Software-Defined Hardware Gains Ground — Again

AI applications are prompting chipmakers to take another look at different options for reconfigurable hardware.

popularity

The traditional approach of running generic software on x86-based CPUs is running out of steam for many applications due to the slowdown of Moore’s Law and the concurrent exponential growth in software application complexity and scale.

In this environment, the software and hardware are disparate due the dominance of the x86 architecture. “The need for and advent of the hardware accelerator changed this relationship such that now the software programmer needs to be aware of the underlying hardware architecture in order to write efficient software,” said Russell James, vice president of AI & Compute Strategy at Imagination Technologies.
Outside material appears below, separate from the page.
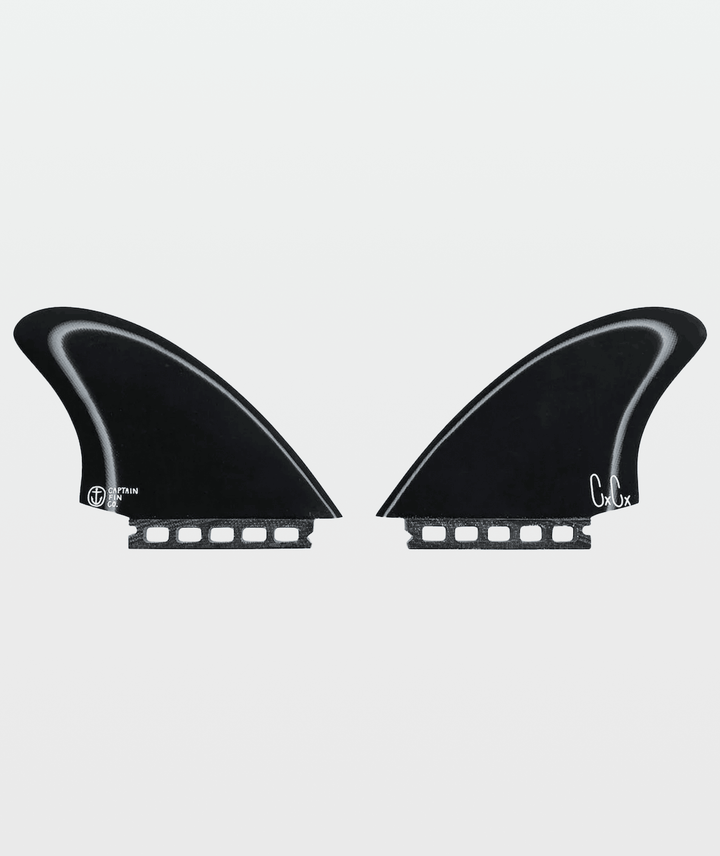 Christenson Keel Especial Fin Set - Black/White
If this sounds familiar, it should. In the early 2000s, there was an upswell in interest in software-defined hardware with companies such as Chameleon, Trimedia and a number of others attempted to spur adoption of reconfigurable computing approaches, to be able to change the computing quickly in order to be adaptive to the application.

“For AI, you essentially want the computational network side to be updated appropriately and fast enough,” said Frank Schirrmeister, senior group director, solutions marketing at Cadence. “In the early 2000s, when software-defined hardware was being discussed in earnest, people didn’t yet fully foresee the end of Dennard scaling, Amdahl’s Law, and all of the things which are now understood. Now, we are actually ready — it only took us 15 years — because we really need the domain specificity of the architecture.”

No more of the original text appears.